How to change rich text into readable one? (for text mining)

User: "duygu"
New Altair Community Member
Updated by Jocelyn
Hi everyone!

Finally i read my database with rapidminer. But, again, there is a problem. My items look like this;

{\rtf1\ansi\ansicpg1254\deff0{\fonttbl{\f0\fnil\fcharset162 Microsoft Sans Serif;}}
\viewkind4\uc1\pard\lang1055\f0\fs17 6 ayd\'fdr sol kol a\'f0. Boyun a\'f0 az.
G\'fc\'e7s\'fczl\'fck ve a\'f0 dan \'e7ok uyu\'feukluk var. NPBY. Belki C7-8 hipoaljezi.
Torasik \'e7\'fdk\'fd\'fe gibi de\'f0il. Miyofasial a\'f0 gibi. \'d6neriler.+\par \par \par \par \par }

How can i change this into a readable text? I need to do text mining :)
Thanks!

Find more posts tagged with

Sort by:
1 - 3 of 31
    User: "homburg"
    New Altair Community Member
    Hi duygu,

    have already installed the text mining extension? If yes you will find an operator called "Data to Documents" which can be used to migrate an example set to a document object. But to answer your question, currently there is no option to parse rtf code directly in RapidMiner. Maybe you'll find some library or scripting tool you can pipe your data through. What you could try to get the text content from your input is to filter the rtf code via regular expressions (using "Replace" or "Replace Token" operator) with a search pattern like this:
    [tt]\{\*?\\[^{}]+}|[{}]|\\\n?[A-Za-z]+\n?(?:-?\d+)?[ ]?[/tt]
    Since text mining is a rather complex topic it may be a good idea to take a closer look at some useful introduction videos. A video which shows how to classify texts dealing with different topics can be found here:
    http://rapidminerresources.com/index.php?page=text-mining-3
    In addition to that Neil McGuigan produced a great series of videos dealing with RapidMiner and Text-Mining which are available via his blog:
    http://vancouverdata.blogspot.de/2010/11/text-analytics-with-rapidminer-loading.html shows the first one of the series.

    Cheers,
    Helge
    User: "duygu"
    New Altair Community Member
    OP
    Yes, i already tried "Data to Documents" but i have never thought about reguler expressions. I'm going to try it now.

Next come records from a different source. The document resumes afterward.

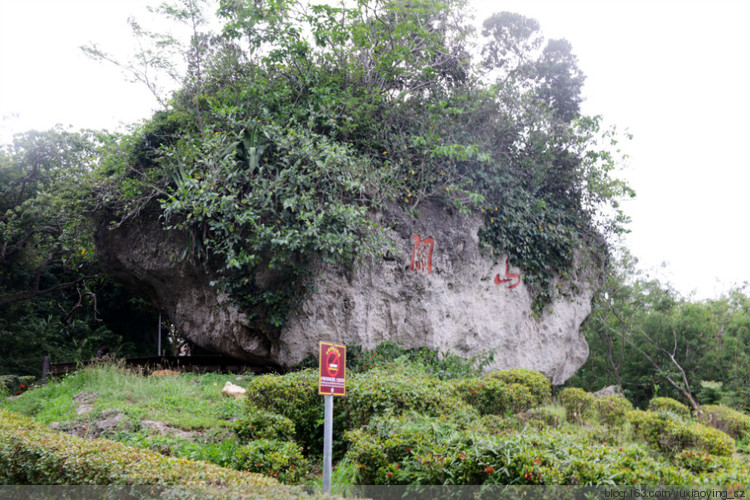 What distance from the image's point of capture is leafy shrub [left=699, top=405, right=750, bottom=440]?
989 cm

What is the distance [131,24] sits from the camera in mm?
10961

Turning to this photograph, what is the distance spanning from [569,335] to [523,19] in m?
10.4

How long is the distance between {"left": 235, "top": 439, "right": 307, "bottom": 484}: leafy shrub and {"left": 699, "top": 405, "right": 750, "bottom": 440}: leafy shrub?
8.65m

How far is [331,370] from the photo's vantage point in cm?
495

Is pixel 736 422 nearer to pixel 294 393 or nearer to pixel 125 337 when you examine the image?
pixel 294 393

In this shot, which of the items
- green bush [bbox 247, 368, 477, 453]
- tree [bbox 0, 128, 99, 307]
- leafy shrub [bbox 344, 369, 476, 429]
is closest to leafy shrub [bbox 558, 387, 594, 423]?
green bush [bbox 247, 368, 477, 453]

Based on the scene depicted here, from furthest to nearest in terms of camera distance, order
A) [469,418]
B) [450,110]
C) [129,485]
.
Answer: [450,110], [469,418], [129,485]

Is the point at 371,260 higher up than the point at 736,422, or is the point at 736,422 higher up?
the point at 371,260

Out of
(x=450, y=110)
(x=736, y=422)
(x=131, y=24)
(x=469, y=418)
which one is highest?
(x=131, y=24)

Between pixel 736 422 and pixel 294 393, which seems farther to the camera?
pixel 736 422

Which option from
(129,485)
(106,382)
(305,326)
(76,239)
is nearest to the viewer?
(129,485)

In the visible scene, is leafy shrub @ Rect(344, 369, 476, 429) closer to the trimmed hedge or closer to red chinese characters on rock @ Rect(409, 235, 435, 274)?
the trimmed hedge

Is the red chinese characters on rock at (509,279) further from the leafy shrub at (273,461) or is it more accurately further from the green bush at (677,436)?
the leafy shrub at (273,461)

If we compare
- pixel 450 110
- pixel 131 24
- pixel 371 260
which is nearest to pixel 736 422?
pixel 371 260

    Yeah, Neil McGuigan's site really helpful :D

    Thank you!
    User: "duygu"
    New Altair Community Member
    OP
    I couldnt do it with a regular expression because i couldnt decide what to replace with regular expression. So I try to coopy my document into a file (with WriteDocument operator) but now i cant see all the content in document. I just can see a few lines even though the document is 27 MB.